Which Chip Should I Buy?
When choosing a CPU, the first decision to make (dictated largely by your budget) is whether to go for a chip with an unlocked multiplier (explained here) or a locked one. Unlocked chips, like Intel’s Extreme and AMD’s Black Edition CPUs, are more expensive, but more flexible. Also remember that some features of a CPU, like cache size and instructions sets, are carved in stone. You won’t be able to tweak them, so make sure the chip you buy has what you want on those fronts.
If you are going with a locked multiplier, there are a few things to keep in mind.
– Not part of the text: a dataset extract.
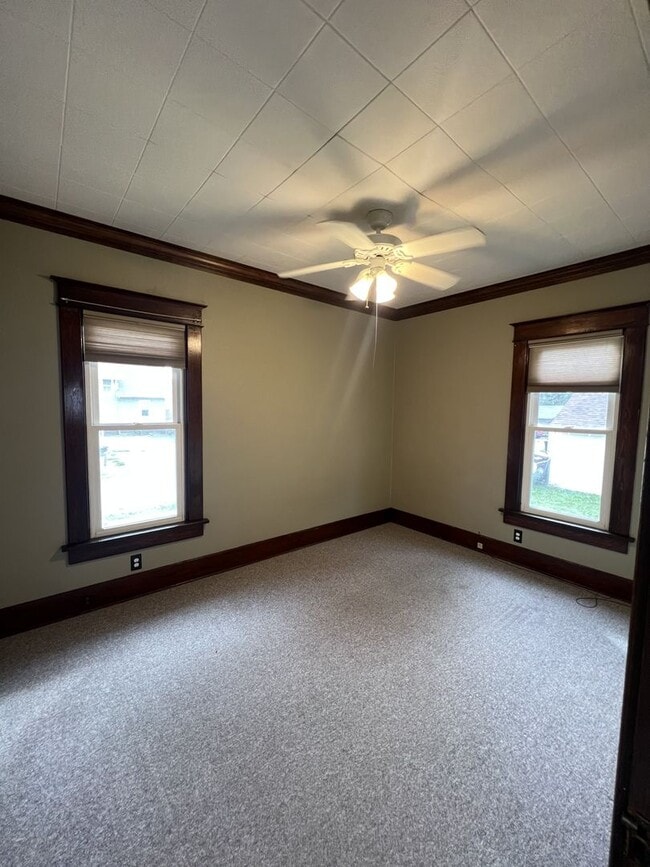 Building Photo - Spacious 4 Bedroom, 2 Bathroom Home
For reasons related to the manufacturing process (discussed in the first article of this series), CPUs from the lower end of the family will generally overclock to a greater extent than higher-end ones. If the top end 3.4 GHz chip can usually reach 3.7 GHz, the entry level 2.8 chip might usually reach 3.4. Not as fast as the high-end chip, but a greater difference from stock and obviously per dollar speed increase. Also because of manufacturing related reasons, chips from later in a product’s life cycle generally overclock further than those released at launch.
A little browsing of the many overclocking forums available will reveal chips that develop a reputation for being good overclocking candidates. Of course, their results don’t guarantee the same or similar performance from your equipment even if it is identical. Overclocking relies on the inherent differences between individual chips as a result of the manufacturing process, so by definition your mileage may vary.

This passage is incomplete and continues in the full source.